The advantages of this bilateral filtering is that it provides sufficiently good region proposals for classification. Also our segmentation is object independent so a generic segmentation based on filtering filtering is a really good prospect for really time deployment.
=====Superpixel Segmentation===== Superpixel segmentation divides the image into meaningful atomic regions, which can be replaced by the rigid structure of the pixel grid, depending on the application. There are many approaches of generating superpixel regions and depending on the application they vary alot. There are three main consideration for our application in mind:
- Superpixels should adhere to the image boundaries.
- They superpixels generated, if as a preprocessing step, should be computationally efficient, memory efficient and easy to use.
- They superpixels generated for segmentation should increase the speed and the quality of the results of the subsequent steps.
There are two types of superpixel segmentation algorithms, namely graph-based and gradient ascent based. In graph based approaches, each pixel is treated as a graph node and edge weights are based on the similarity of the pixel to its neighborhood. Then superpixels are created by minimizing some cost function over the graph. Some graph based segmentation algorithms are Normalized cuts and Felzenszwalb. Gradient ascent based superpixel algorithms work by having a initial rough clustering and then iteratively improve the clusters until some convergence criteria is met. Some gradient ascent methods for superpixels are quick shift, watershed and turbopixels.
The methods that we use for our module is SLIC(single linear iterative clustering). Simply speaking its a modified version of k-means for superpixel segmentation. It is computationally efficient by limiting the number of distance computations in k-means through directional sarch and the covergence criteria depends on the spatial neighborhood as well as intensity values in the image. We have used this with different hyperparameters for our segmentation. Then edge detection is done on the region to find contours. These contours are then given for feature extraction and classification.
The challenges faced using this approach is due to its parametric nature. In specific determining the number of superpixel clusters is a parameter to be set and because of the varying degree of clutter in the scenario, its hard to find an ideal parameter in spite of using cross validation. Also another challenges was to find a way to do a compromise because uniformity of superpixel regions, number of clusters, and modifying the weights given to neighborhood in space and intensity values.
=====Gaussian Filtering based segmentation===== This is segmentation procedure that we defined for testing purposes only to enable realtime object detection. But this highly depends on a good segmentation procedure for finding good contours for the training of the system.
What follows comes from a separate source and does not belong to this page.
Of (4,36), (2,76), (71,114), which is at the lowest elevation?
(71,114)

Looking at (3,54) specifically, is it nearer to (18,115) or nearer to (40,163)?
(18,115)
Basically, the idea is to apply a gaussian blur on the image. The window size is defined by testing on a subset of images contain equa representation of clutter and/or object, in our scenario. After apply a gaussian blur, we do adaptive threshold to find spatial consist regions. Then we find contours on this result feature extraction and classification. This approach work well on the realtime object detection deployed on the robot.
=====Felzenswab based Segmentation===== This is one of the methods that performs segmentation by representing image as graph. A pixel is a node in the graph and the edge between two pixel is the measured by color dissimilarity of some sort. By representing image as a graph, segmentation S is partition of a graph such that each component corresponds to a connected component in the graph. Generally, this means that edges between two nodes in the same component should have relatively low weights and edges between two nodes in different components should relatively have higher weights. Additionally the algorithm looks for evidence of a boundary between two components and incorporates it into the cost function. Regions that have no evidence of an boundary between them are merge together into one component.
After doing segmentation, canny edge detection or a simple derivative mask is applied on the result and then contours are computed. This is then given for feature extraction and classification.
====Feature Extraction====
Feature Extraction is the most important stage in the pipeline and selecting features which are meaningful, rich in their descriptive power and satisfy the necessary trade-off between in-variance and selectivity. In specific, we need the features to be invariant to scale, rotation, view-point, perspective geometry and they need to be selective enough to distinguish the objects from the background.
We considered working with different feature types and experiment with them to test them for this scenario. We experimented with ORB Feature descriptor, SIFT descriptor, HOG descriptor and a Restricted Boltzmann Machine to learn features in an unsupervised fashion.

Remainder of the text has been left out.